Rabu, 23 November 2022 – 14:00 WIB
Lima Eks Pejabat Sekretariat DPRD Labuhanbatu Ditangkap Polisi karena Korupsi Rp 5 Miliar - JPNN.com Sumut
Ilustrasi korupsi. Foto: dok.JPNN.com

sumut.jpnn.com, LABUHANBATU - Polisi mengamankan enam orang tersangka dalam kasus dugaan korupsi biaya perjalanan dinas fiktif di DPRD Labuhanbatu, Sumatera Utara (Sumut).

Lima diantara enam tersangka ini merupakan mantan pejabat dan staf di Sekretariat DPRD Labuhanbatu. Sementara satu orang lainnya berinisial I yang merupakan pihak swasta.

Kasatreskrim Polres Labuhanbatu AKP Rusdi Marzuki menyebut para pelaku diduga melakukan korupsi hingga mengakibatkan kerugian negara sebesar Rp 5.019.832.500 atau Rp 5 miliar.

"Ini merupakan kasus lama, kami usut sejak tahun 2018. Tindak pidana korupsi atau turut serta melakukan tindak pidana korupsi pengelolaan biaya perjalanan dinas anggota DPRD Labuhanbatu dan PNS pada Sekretariat DPRD Labuhanbatu yang bersumber dari APBD 2013,” kata AKP Rusdi, Rabu (23/11).

Rusdi menyebut para pelaku saat ini telah ditetapkan menjadi tersangka dan telah ditahan. Satu pelaku ditahan sejak 2021 lalu, sedangkan empat pelaku lainnya ditahan pada Senin, 14 November 2022.

Adapun para tersangka yang terlibat dalam kasus ini, yakni yakni FPA selaku Bendahara Pengeluaran Sekretariat DPRD Labuhanbatu TA 2013. Dia telah ditahan sejak 2021 lalu.

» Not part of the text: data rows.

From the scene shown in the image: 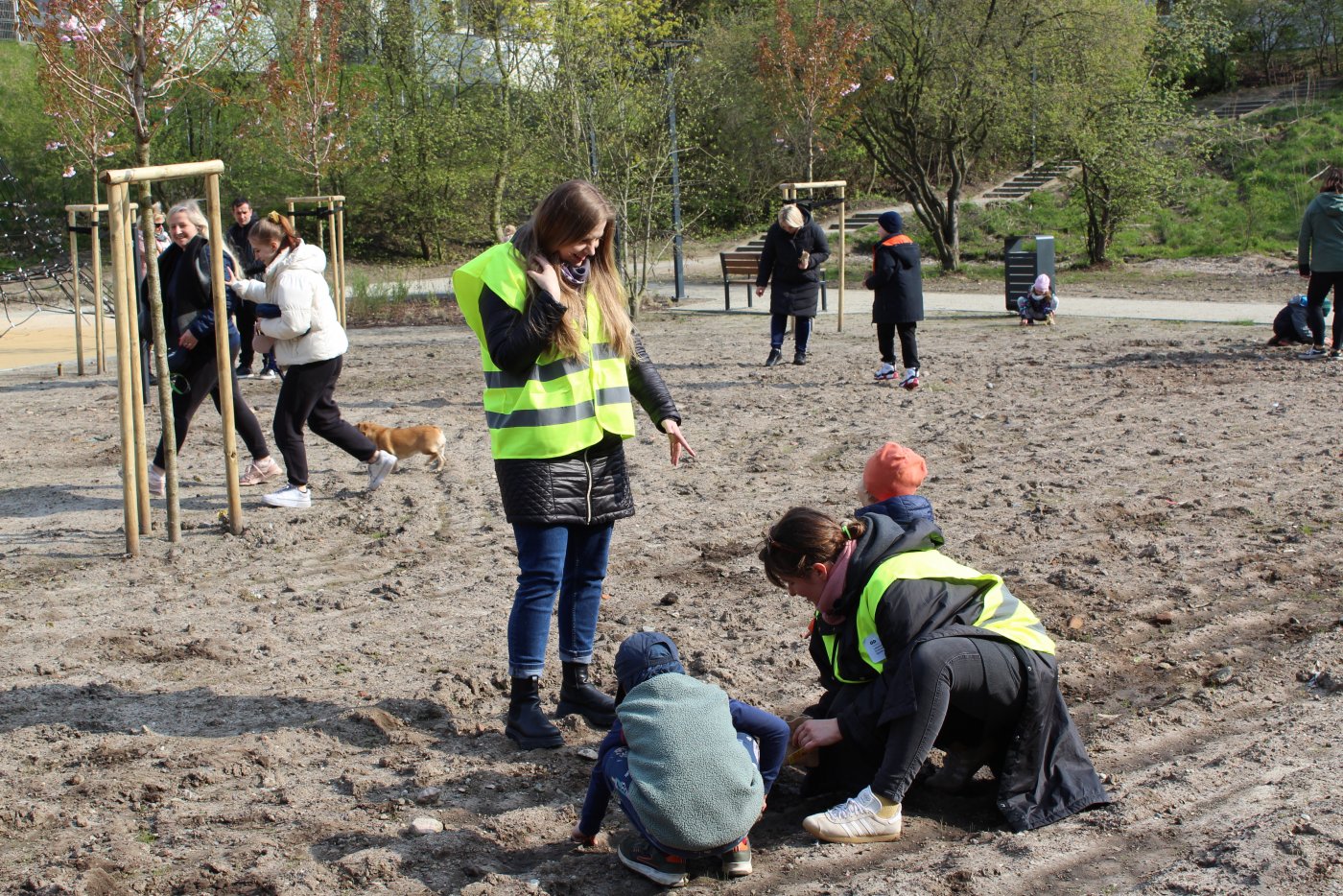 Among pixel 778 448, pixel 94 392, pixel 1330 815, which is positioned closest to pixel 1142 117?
pixel 778 448

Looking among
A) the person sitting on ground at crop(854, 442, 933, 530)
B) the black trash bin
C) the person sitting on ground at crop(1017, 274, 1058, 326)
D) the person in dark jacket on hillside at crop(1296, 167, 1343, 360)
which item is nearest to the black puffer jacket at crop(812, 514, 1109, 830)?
the person sitting on ground at crop(854, 442, 933, 530)

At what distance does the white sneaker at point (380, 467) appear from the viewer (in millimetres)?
7812

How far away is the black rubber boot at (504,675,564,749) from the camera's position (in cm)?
421

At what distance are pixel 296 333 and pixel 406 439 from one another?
130 centimetres

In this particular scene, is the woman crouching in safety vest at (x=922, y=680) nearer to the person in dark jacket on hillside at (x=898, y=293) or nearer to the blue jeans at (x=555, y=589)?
the blue jeans at (x=555, y=589)

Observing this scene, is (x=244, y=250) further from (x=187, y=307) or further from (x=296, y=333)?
(x=296, y=333)

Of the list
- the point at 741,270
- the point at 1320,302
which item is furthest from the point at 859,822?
the point at 741,270

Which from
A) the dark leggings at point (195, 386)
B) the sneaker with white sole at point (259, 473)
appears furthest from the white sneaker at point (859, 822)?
the sneaker with white sole at point (259, 473)

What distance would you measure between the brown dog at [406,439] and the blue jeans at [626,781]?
4919 millimetres

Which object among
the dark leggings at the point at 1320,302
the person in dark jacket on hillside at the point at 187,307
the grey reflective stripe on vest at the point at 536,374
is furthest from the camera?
the dark leggings at the point at 1320,302

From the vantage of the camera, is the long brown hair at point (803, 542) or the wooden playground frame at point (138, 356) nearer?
the long brown hair at point (803, 542)

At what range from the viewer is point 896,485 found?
4.09m

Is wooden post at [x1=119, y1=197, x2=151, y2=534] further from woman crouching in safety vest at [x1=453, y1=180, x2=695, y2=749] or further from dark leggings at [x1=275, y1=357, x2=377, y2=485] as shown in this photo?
woman crouching in safety vest at [x1=453, y1=180, x2=695, y2=749]

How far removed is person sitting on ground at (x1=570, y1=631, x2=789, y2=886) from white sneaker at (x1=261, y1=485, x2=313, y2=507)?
447 centimetres
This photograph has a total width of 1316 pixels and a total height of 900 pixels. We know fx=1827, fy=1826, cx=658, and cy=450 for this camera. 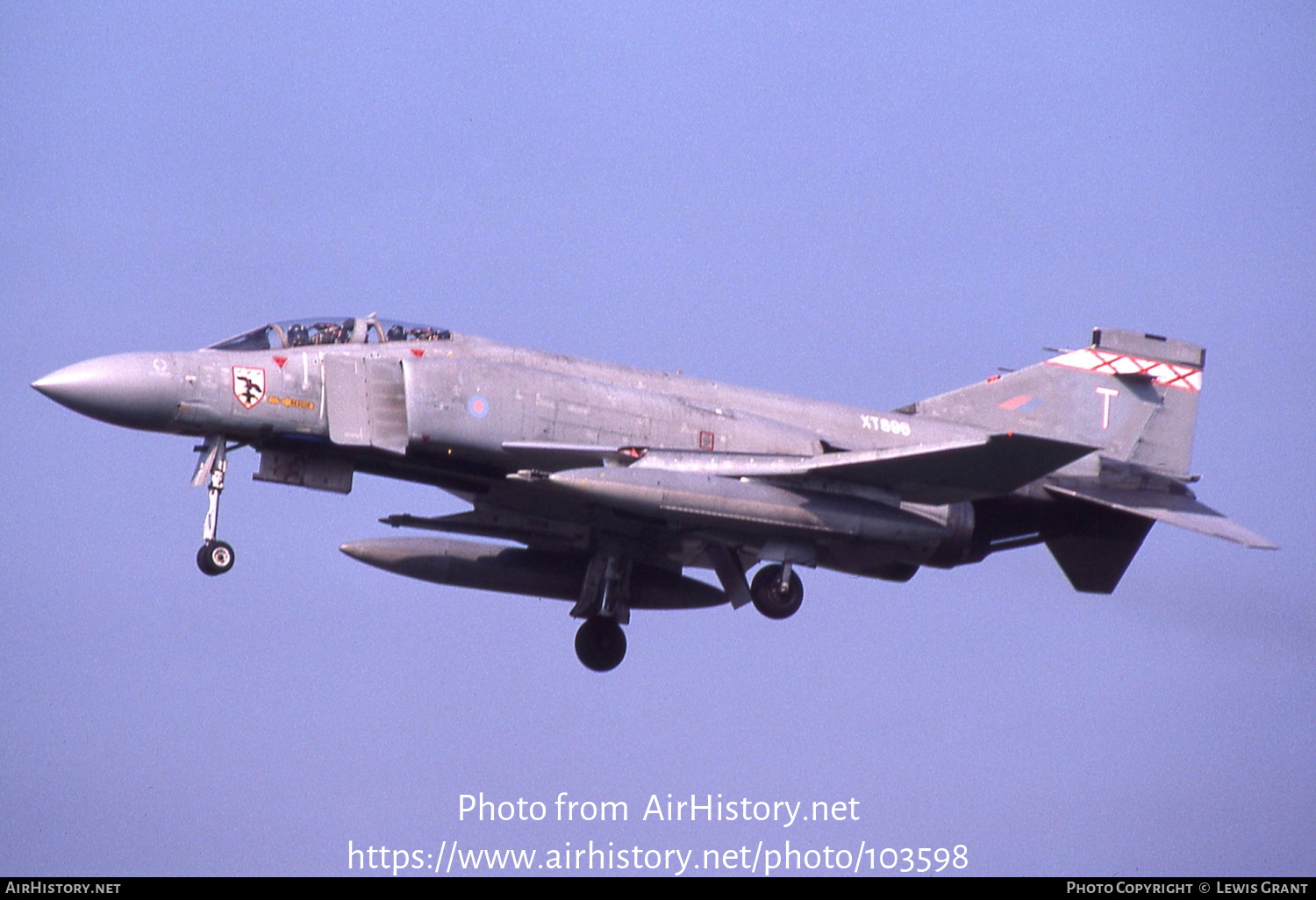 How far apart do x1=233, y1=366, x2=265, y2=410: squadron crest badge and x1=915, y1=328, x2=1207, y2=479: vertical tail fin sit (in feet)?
24.5

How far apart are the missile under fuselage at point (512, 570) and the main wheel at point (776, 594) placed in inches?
93.6

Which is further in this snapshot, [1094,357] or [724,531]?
[1094,357]

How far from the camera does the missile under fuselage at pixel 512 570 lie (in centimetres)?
1989

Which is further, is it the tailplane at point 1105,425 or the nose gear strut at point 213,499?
the tailplane at point 1105,425

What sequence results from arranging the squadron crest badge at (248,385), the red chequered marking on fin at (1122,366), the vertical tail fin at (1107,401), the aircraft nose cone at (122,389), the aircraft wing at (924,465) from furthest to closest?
1. the red chequered marking on fin at (1122,366)
2. the vertical tail fin at (1107,401)
3. the aircraft wing at (924,465)
4. the squadron crest badge at (248,385)
5. the aircraft nose cone at (122,389)

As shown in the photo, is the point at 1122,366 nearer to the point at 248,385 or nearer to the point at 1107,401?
the point at 1107,401

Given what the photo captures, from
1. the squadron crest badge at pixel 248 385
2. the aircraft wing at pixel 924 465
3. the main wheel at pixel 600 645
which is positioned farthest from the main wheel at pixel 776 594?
the squadron crest badge at pixel 248 385

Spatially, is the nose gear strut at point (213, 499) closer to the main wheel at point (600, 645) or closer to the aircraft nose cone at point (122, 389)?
the aircraft nose cone at point (122, 389)

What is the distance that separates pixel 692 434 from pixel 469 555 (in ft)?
10.9

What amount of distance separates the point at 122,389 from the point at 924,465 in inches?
299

Kemudian, AS selaku Kabag Persidangan dan Risalah Sekretariat DPRD Labuhanbatu. Dalam kasus ini AS bertindak sebagai Pejabat Pelaksana Teknis Kegiatan (PPTK).

Lalu, ada ZS selaku Kabag Keuangan Sekretariat DPRD Labuhanbatu yang dalam kasus ini selaku Pejabat Penatausahaan Keuangan (PPK), FS sebagai Sekretaris DPRD Labuhanbatu periode 1 Januari 2013-01 Juli 2013 selaku Pengguna Anggaran dan BR, selaku Sekretaris DPRD Labuhanbatu periode 1 juli 2013- 31 Desember 2013, juga selaku Pengguna Anggaran (PA).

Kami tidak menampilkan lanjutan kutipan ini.